19. Learned counsel for the Employers also pointed out that when the workman first approached the Conciliation Officer seeking to raise an industrial dispute, both periods of engagement, that have been alleged, now on the second application under Section 2-A of the Act, were available, but in the first application, engagement in the year 1978 alone was made basis to raise the dispute. This according to Ms. Usha Kiran, learned counsel for the Employers shows that the subsequent claim put forward in the second application, and also in writ proceedings before this Court, is a claim that is based on fabrication with not a grain of truth to it. It is for this reason that the workman could not produce any evidence about either of the two stretches of time, during which he claims to have worked for the Employers. It is for the same reason that in all the relevant documents available with the Employers' establishment, that have been examined by them, and produced in Court, the name of the workman does not figure. It is submitted by her that these aspects have been completely overlooked by the Labour Court while rendering the impugned award. It is also argued by Ms. Usha Kiran that apart from all other facts, the workman's claim, on admitted facts, relates to a termination dating back to 31.03.1990, and the application under Section 2-A of the Act seeking to raise the industrial dispute was made in the year 2011, that is to say, after a period of 21 years. This makes the workman's claim ex facie stale where it is difficult to say whether any industrial dispute, indeed, survives, if at all ever there was one. The Labour Court has not at all bestowed consideration to the aforesaid feature about the workman's case, which according to the learned counsel for the Employers, if considered, might have led him to discard the workman's claim on ground of being highly belated and stale.

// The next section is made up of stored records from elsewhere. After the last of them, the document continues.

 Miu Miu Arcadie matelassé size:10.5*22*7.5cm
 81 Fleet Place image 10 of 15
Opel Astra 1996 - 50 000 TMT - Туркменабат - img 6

20. Sri Dilip Kumar Yadav, learned counsel appearing for the workman refuting the submissions made on behalf of the Employers has come up with a case that the workman was engaged from 01.01.1978 to 31.08.1978 as a lineman, borne on the muster roll. He was given a certificate of service for that period, which accounts more than 243 days where he performed well, and was appreciated. Thereafter, he was again re-engaged for the same work of a lineman from 01.04.1989 to 31.03.1990 in the Vidyut Vitran Khand, Moradabad. For this stint of his engagement, he was issued a certificate by the S.D.O.-III, of which the Labour Court has taken due note in the impugned award. The Labour Court has found it to be a validly proved document by the workman in his evidence, which the Employers Witnesses have not dispelled.

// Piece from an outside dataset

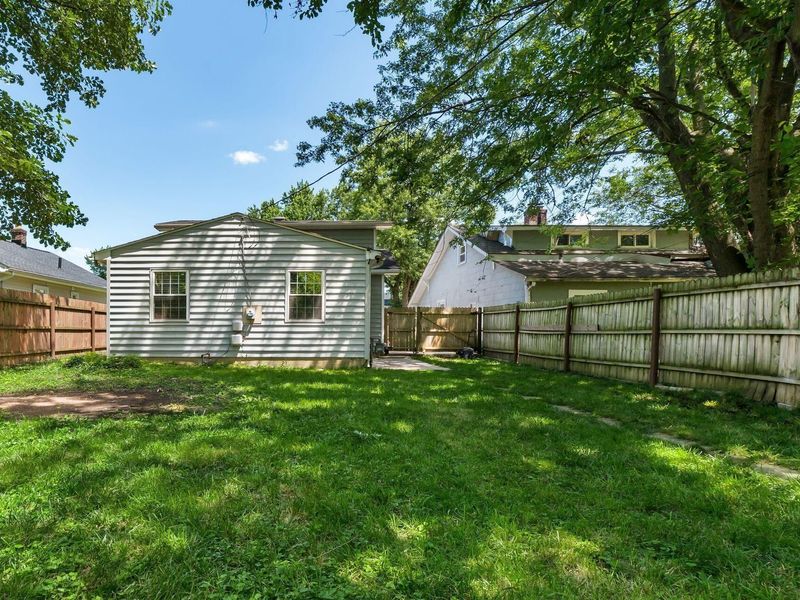 2051 Briarwood Avenue, Columbus, OH 43211 Photo 36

21. Learned counsel for the workman submits that these are findings of fact recorded by the Labour Court, in which this Court in exercise of its powers under Article 226, or for that matter 227, cannot interfere. It is submitted that the Labour Court has found for a fact that the services of the workman were terminated in breach of the procedure prescribed under the Act, without service of notice for the requisite period, or paying him wages for the period of notice as required by law, rendering the termination of his services unlawful. The said finding also is based on the edifice of the earlier finding regarding the workman's engagement from 01.04.1978 to 31.08.1978, that far exceeds 240 days; it is also, therefore, a finding of fact, which cannot be disturbed by this Court. He has also urged that similarly circumstanced workmen, to wit, Rajesh Kumar, Mahendra Singh, Indrapal Singh and Atul Babu, who were also removed like the workman, have been reinstated in service by an order of the Executive Engineer, Electricity Distribution Division, Chandausi, District Moradabad, dated 17.01.2004, but the Employers have not reinstated the workman in like manner. According to the learned counsel for the workman, this amounts to hostile discrimination between similarly circumstanced workmen, by the Employers, who are after all, the State.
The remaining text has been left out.